18 mums breastfeeding in public together in Ipoh
Image adapted from: Kwong Wah
Mothers often find themselves entangled in breastfeeding debates. In Malaysia particularly, the topic of public breastfeeding results in heated discussions. The general community is split into 2 sides — there are those who find it offensive or improper, while there are advocates showing full support for nursing mums.
To help shape a more supportive community that understands breastfeeding is a natural, healthy process, Breastfeeding Together was held in Ipoh, Perak in conjunction with World Breastfeeding Week 2019 on Sunday (4 Aug). 18 mums gathered on a hop-on hop-off bus to breastfeed together while enjoying a scenic ride around town.
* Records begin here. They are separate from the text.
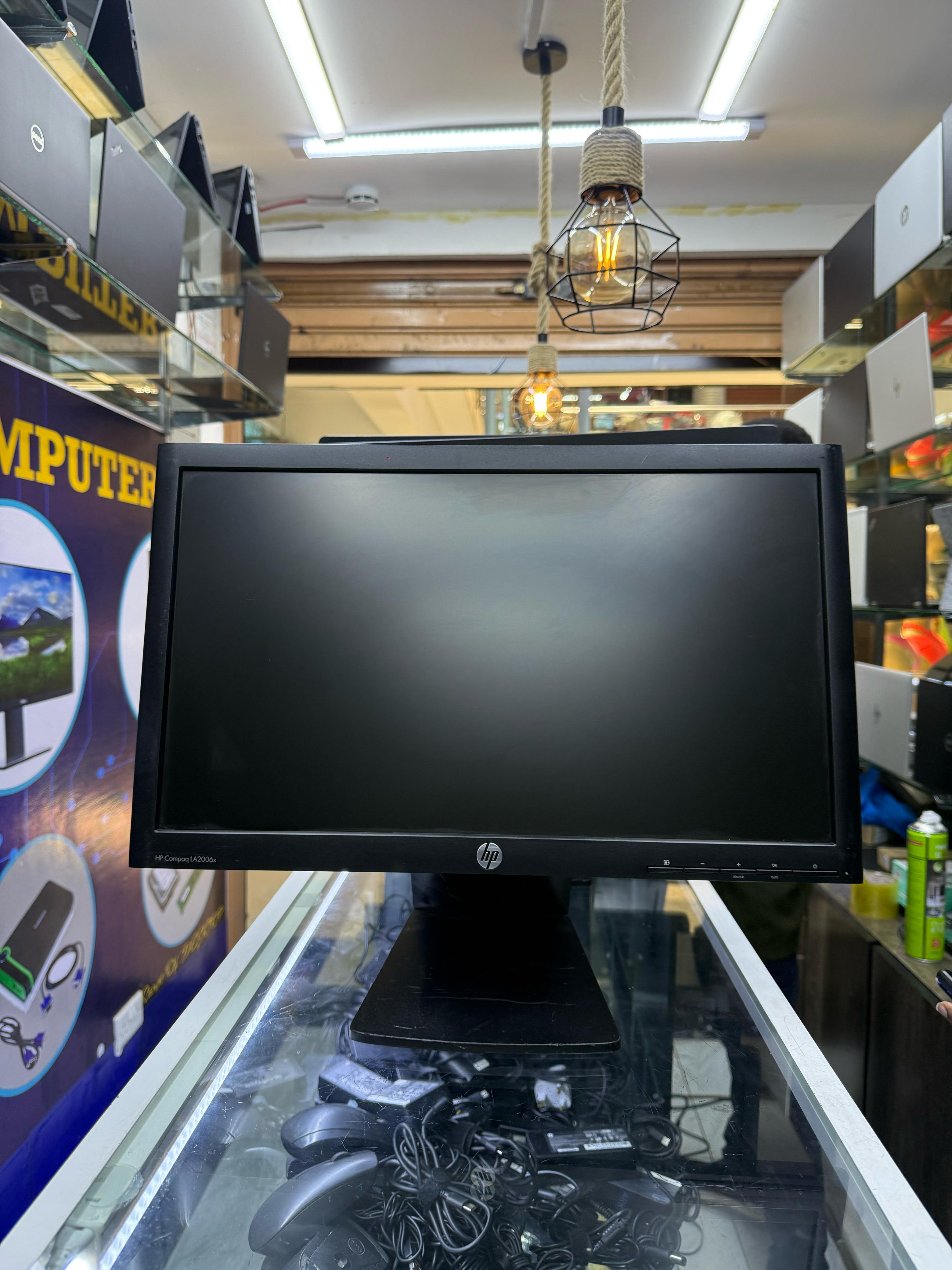 REFUBLISHED HP ELITEDISPLAY (E201) MONITOR 20 INCHES
LED Monitor – 1600x900 HD Resolution, VGA/DVI/DisplayPort, Adjustable Stand, Energy Efficient, Business-Class Display
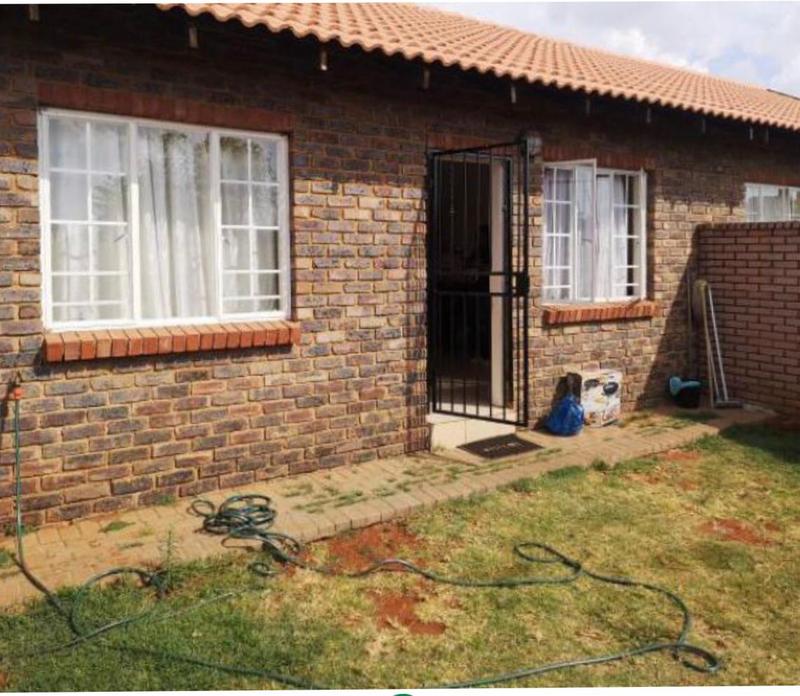 2 Bedroom Property for Sale in The Orchards Gauteng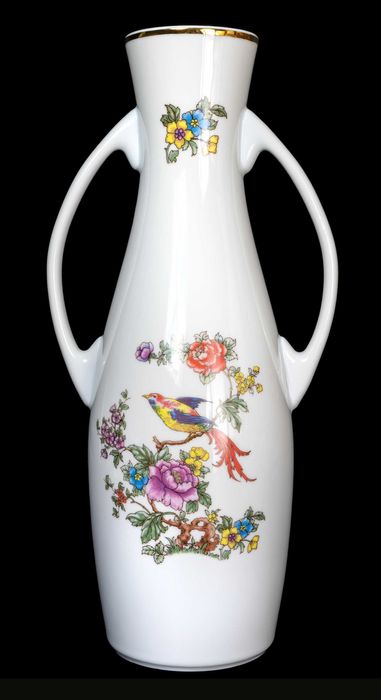 Голяма ваза от Hollohaza Hungary.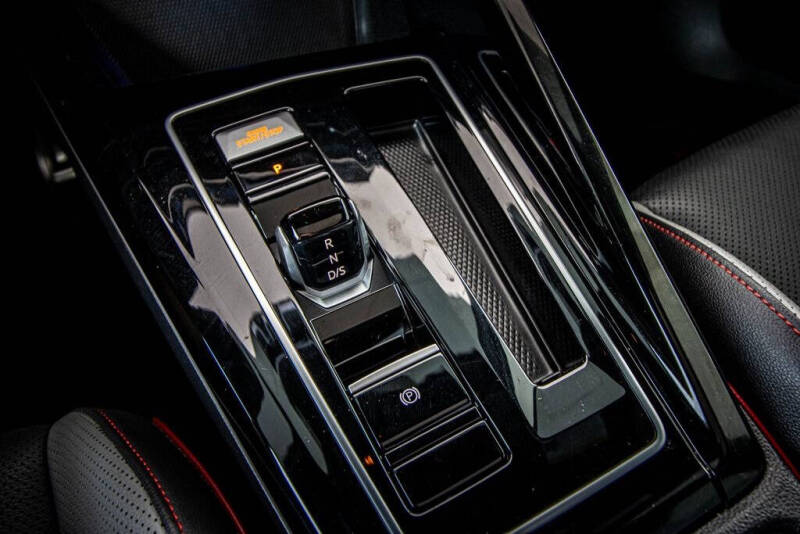 2023 Volkswagen Golf GTI SE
Raising awareness on breastfeeding in public
According to the organiser Malaysian Breastfeeding Peer Counselor Association, the event is an initiative to sensitise the Malaysian community to support breastfeeding mothers.
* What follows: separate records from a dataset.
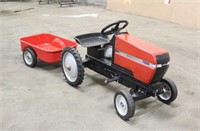 Case IH Toy Pedal Tractor w/Wagon
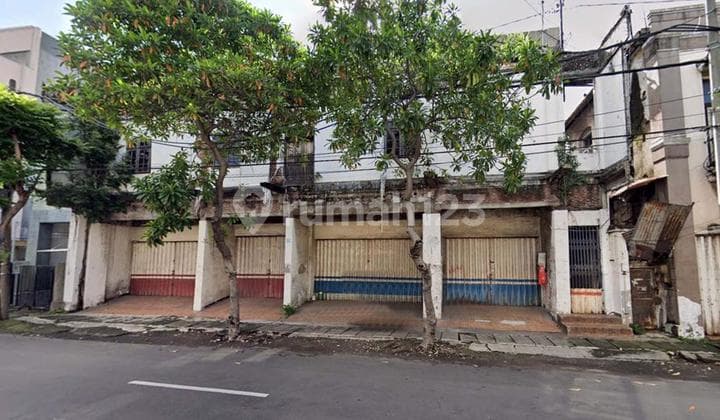 Gedung Ex. Showroom Pusat Kota di Jl. Pahlawan - Surabaya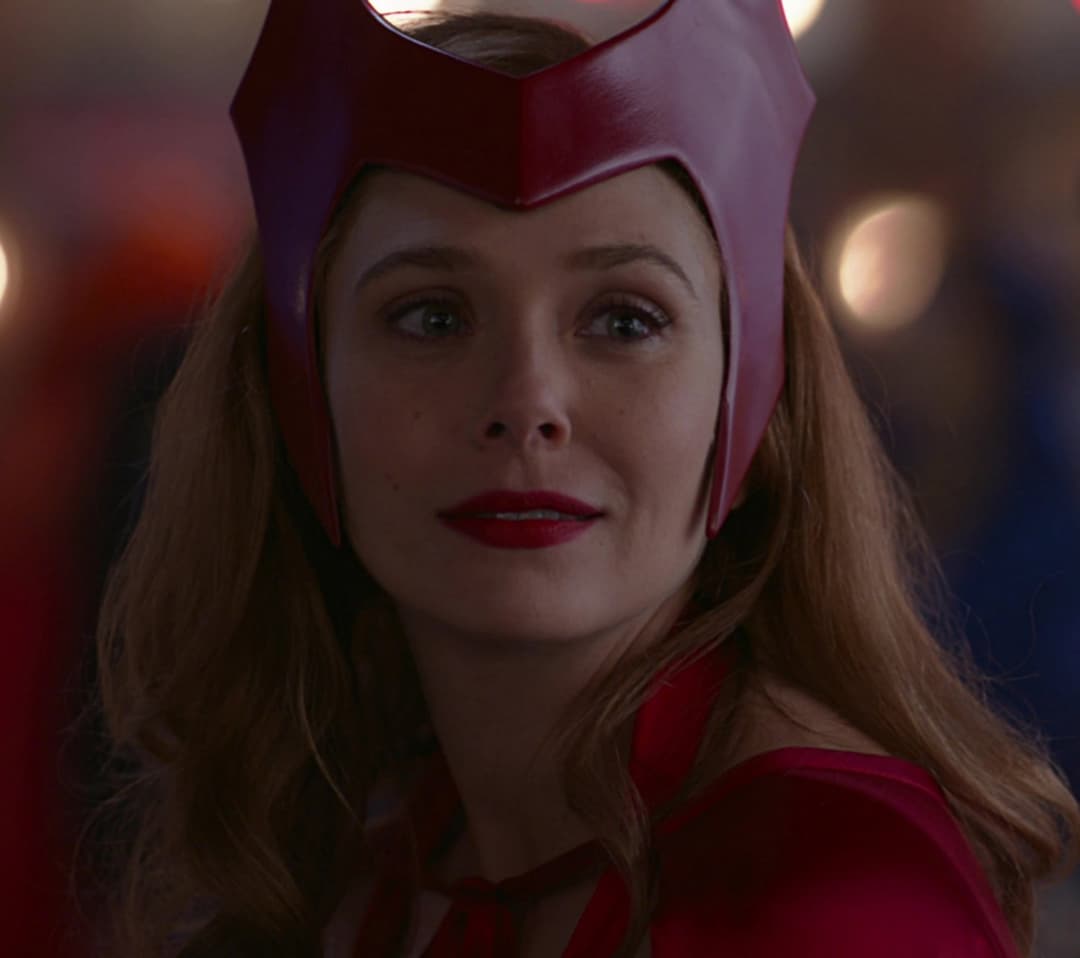 Click to view full size Elizabeth Olsen cum folder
They want to encourage mothers to breastfeed their babies for at least 6 months and up to 2 years. This is so that the younger generation can have a strong foundation for their health and well-being.
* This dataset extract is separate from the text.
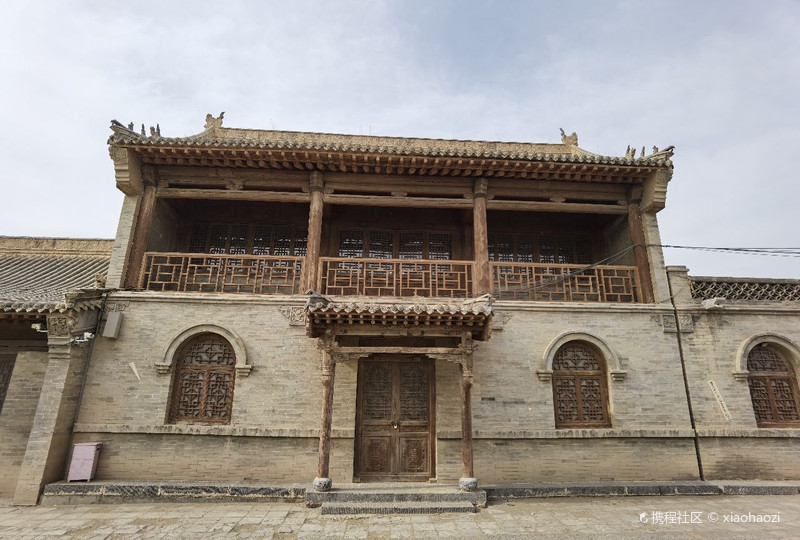 尴尬好不容易走到忻州纪念馆,其实是烈士陵园,关着 元好问墓 元好问墓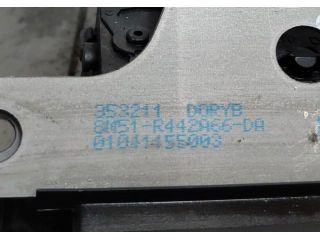 bontott FORD FOCUS III Csomagtérajtó Zárszerkezet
The event took place from 8AM – 10AM. Mums who participated could comfortably breastfeed in a supportive environment.
Image credit: Oriental Daily
Breastfeeding in public a polarising issue
It’s always difficult for mothers with newborns to go out for the day as there aren’t many facilities available for breastfeeding mums. They may also be worried about nursing in public due to possible backlash from others — as depicted in the comic below.
Image credit: Cilisos
The dialogue box in the comic above can be translated as:
Nursing your child? How can you do this here?? It’s very improper!
To better support new mothers, the Perak government has plans to introduce breastfeeding rooms in government sectors so that mothers can nurse in peace. They hope to inspire other state governments and private companies to do the same.
A more supportive community with Breastfeeding Together
If a mother decides to breastfeed in public, we believe that she should be able to do it in peace. This means passersby shouldn’t stare, make rude comments, or ask her to stop while she’s in the middle of feeding her baby.
To achieve this, Malaysians must be more supportive, and Breastfeeding Together is steering us in the right direction. Hopefully, we’ll see more of these events in other parts of the country, so that we can all celebrate motherhood and raise awareness on it.